Per quanto riguarda Bologna, è già da tempo che si pone sotto i riflettori quella che è la questione degli alloggi per  studenti fuori sede, che vede alle sue spalle un vero e proprio circuito di profitto che vive sulle tasche degli universitari.

Sono freschi di quest’ultima settimana, i dati delle indagini pubblicati da alcune testate giornalistiche di livello nazionale, con cui emerge la drastica situazione degli affitti in Italia. L’indagine si basa sui dati forniti da uno dei più grandi siti di annunci immobiliari in Italia, arrivando a definire come veri e propri dazi gli affitti che uno studente fuori sede, se non vincitore di un alloggio da parte di enti per il diritto allo studio, si ritrova a dover sborsare per accedere alle università più rinomate d’Italia. Milano e Roma in testa alla classifica, e subito dopo vi troviamo Bologna, che si aggiudica il terzo posto sulla classifica nazionale, con una media di ben 330 € per una singola e 240 € per una doppia! Ovviamente a fare da contorno vi è il terreno degli affitti in nero, che Bologna conosce bene -soprattutto nell’ambito degli alloggi per studenti -visto anche l’ultimo scandalo degli oltre 15 milioni evasi da parte di proprietari di case per affitti in nero.

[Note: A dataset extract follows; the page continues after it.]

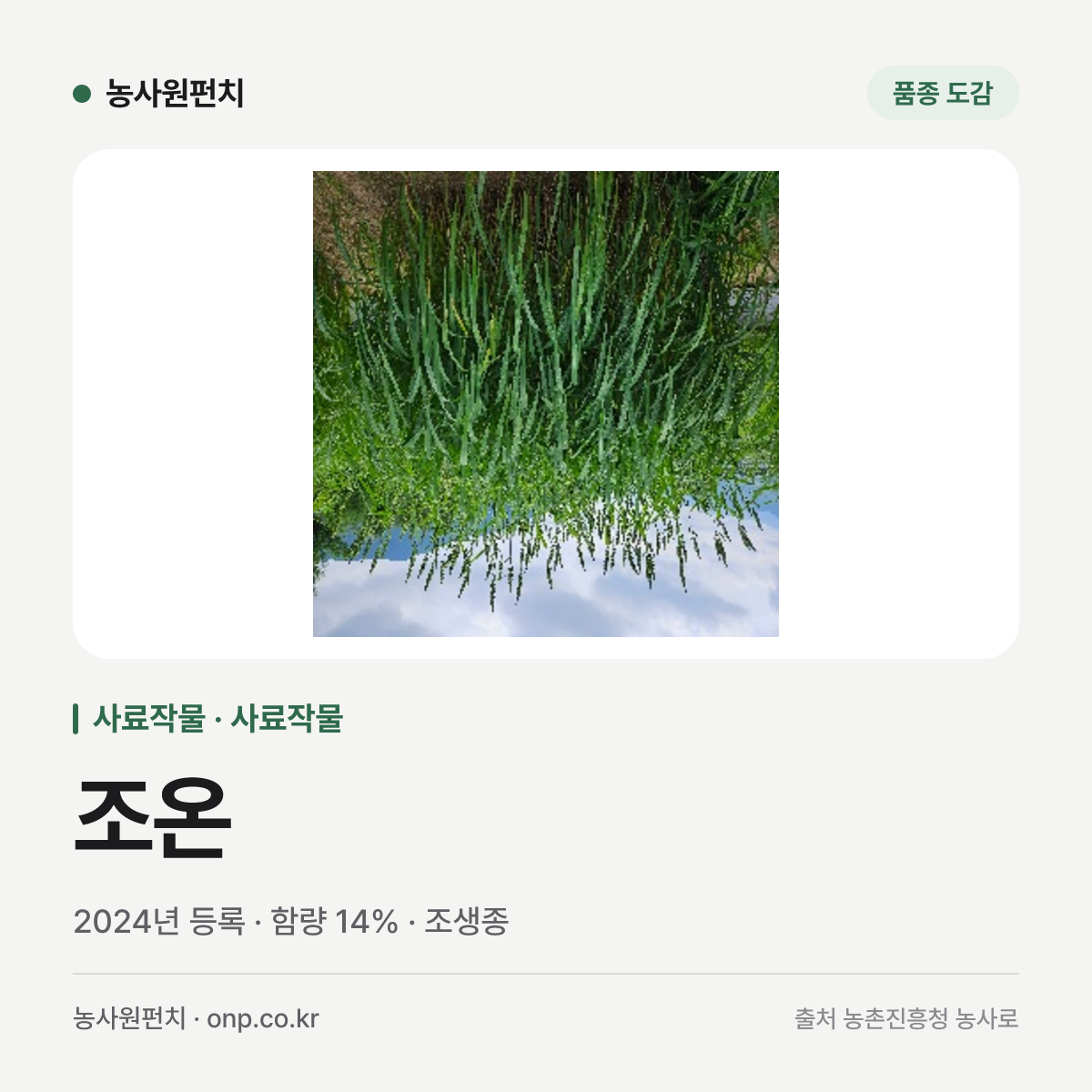 조온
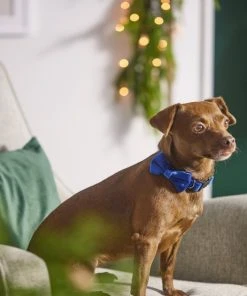 Frisco Velvet Dog Collar With Removeable Velvet Bow 7 Frisco Velvet Dog Collar With Removeable Velvet Bow -Frisco Sales 2024 289734 PT8. SY630 V1632186735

Insomma, il risultato di questo editoriale suona quasi come un invito ai giovani che vogliono iscriversi in queste università a mettere da parte i propri sogni e rassegnarsi all’evidenza : le città universitarie sono posti dove la vita degli studenti viene monetizzata a favore degli speculatori edilizi della città. A dimostrazione di come lo studente venga gettato senza garanzie in un mercato immobiliare radicalmente perverso, in cui banche, agenzie immobiliari e palazzinari sono liberi di speculare sul bisogno d’alloggio di uno studente, vi è un ulteriore scandalo tutto bolognese. Il caso della Gestip, grande agenzia immobiliare a cui si rivolgono una buona parte di studenti fuori sede a Bologna, che per“mancanza di liquidità” ha adottato la politica di non restituire le caparre ( di due mensilità, che vanno dai 600 agli 800 € ) ai suoi clienti . Quello che viene semplicemente ignorato in queste indagini è come questa situazione vada a inserirsi nel rapporto tra le grandi realtà universitarie e la metropoli che le ospita, che non vede più la presenza degli studenti come “il privilegio di ospitare le giovani menti che da tutta Italia vengono ad alimentare la grande tradizione degli atenei italiani” ma come un guadagno che l’Università deve elargire alle lobby metropolitane.

L’università post-riforma d’altro canto è ben felice di fornire un guadagno a queste lobby, che poi reinvestiranno nella costruzione di nuovi centri d’eccellenza per la famosa casta dei “meritevoli”. Ed ecco che a fronte della dismissione degli studentati per i borsisti, delle mense che dovrebbero garantire pasti accessibili agli studenti che passano tutte le loro giornate dentro i locali dell’università, invece si decide di investire come un’azienda con: studentati di lusso dalle rette assolutamente inaccessibili per i normali studenti, centri studio con palestre e piscine, fino agli auditorium di comunione e liberazione dove i vari personaggi del potere cittadino e nazionale possono sponsorizzare le nuove idee di mercificazione del sapere e della metropoli come nuova (non troppo) frontiera per il potere del capitale. Questi dati ci indicano la situazione abitativa studentesca come un terreno da agire, dove pratiche basate sulla riappropriazione sappiano essere realmente incisive e riproducibili nella lotta per il redditoe la dignità.

Diverse esperienze a livello nazionale hanno già tracciato la rotta di cosa significa dare battaglia sulla questione abitativa nel mondo della formazione, e ancora in maniera più ampia su forme di riappropriazione di quel welfare studentesco sempre più dismesso e privatizzato. Provare sempre di più ad allargare ed estendere questo fronte, analizzando nuovi terreni di contesa come quello degli affitti, su cui inchiestare e produrre nuove forme di lotta e riappropriazione che possano portarci ad alludere ad un insubordinazione sempre più larga alla manovre d’impoverimento.

I piani delle classi dirigenti che negli ultimi anni si sono succedute nel mondo della formazione vedono il costituirsi di un blocco, sempre più ampio e compatto di giovani e studenti, che riprende in mano la propria vita e si scontra duramente con le politiche dell’ Università -Azienda figlia della crisi. Un blocco che va a posizionarsi con tutte le altre realtà che lottano contro la mercificazione delle nostre vite dentro e fuori dall’università nei tempi dell’austerity.